Issues & Ideas, Need to Know, The Parties | 15th April 2015

Ukip manifesto launch: out with the “drivel”, in with the “serious”?

Ukip is launching its manifesto, but there is confusion about some of its policies.

Photo: Getty

By

Ukip is launching its manifesto, which it claims contains “serious, fully-costed policies”.

Its last effort, dismissed as “drivel” by Nigel Farage, included a number of enjoyable proposals such as returning the London Underground’s Circle Line to going around in a circle, restoring the original larger size of British passports, “proper dress” for the theatre, and a dress code for taxi drivers.

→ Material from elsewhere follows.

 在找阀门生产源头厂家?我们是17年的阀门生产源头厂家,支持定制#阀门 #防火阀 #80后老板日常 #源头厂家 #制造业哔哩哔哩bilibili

In contrast, the top lines of its new programme for government are:

  • A referendum as soon as possible on Britain’s EU membership
  • Controls on immigration, and the introduction of a points-based system
  • Power for voters to recall MPs
  • An extra £3bn funding a year for the NHS
  • No tax on the minimum wage
  • 6,000 new jobs for armed forces veterans in the police force, prison service, and the UK border
  • Cutting the international development budget by £9bn
  • Removing stamp duty from the first £250,000 of new houses built on brownfield sites
  • Business rate cuts for small businesses

A manifesto with Ukip’s core values at its heart. But it has already been plagued by confusion. The immigration cap has caused disagreement among Ukip’s high command.

Suzanne Evans, Ukip’s manifesto chief, revealed confusion about what constitutes skilled and unskilled migrants on the BBC’s Today programme this morning. She said that if gaps in the workforce are identified then farm labourers could come to the UK “if they are needed”.

This is in contrast to Ukip’s immigration spokesperson Steven Woolfe, who said the number of unskilled and low-skilled workers coming to this country would be “zero, ie. a moratorium, for five years”. Woolfe admitted on Sky News to a number of disagreements with Evans on Ukip’s immigration cap (which is supposed to limit skilled migrants to 50,000 a year, but not to put a cap on net migration).

Also, the Conservatives have been beavering away over the figures and point out that Ukip plans to fund 15 spending pledges with cuts to foreign aid, and calculate a “£37 billion black hole” in their spending plans.

Policy detail has never been Ukip’s forte. But nor has it been its problem. Voters don’t look to Ukip for a fiscally responsible, detailed policy plan. They look to Ukip for its tone. Its anti-Westminster establishment positioning and an anti-metropolitan elite ethos. And this all comes across very clearly in its new manifesto.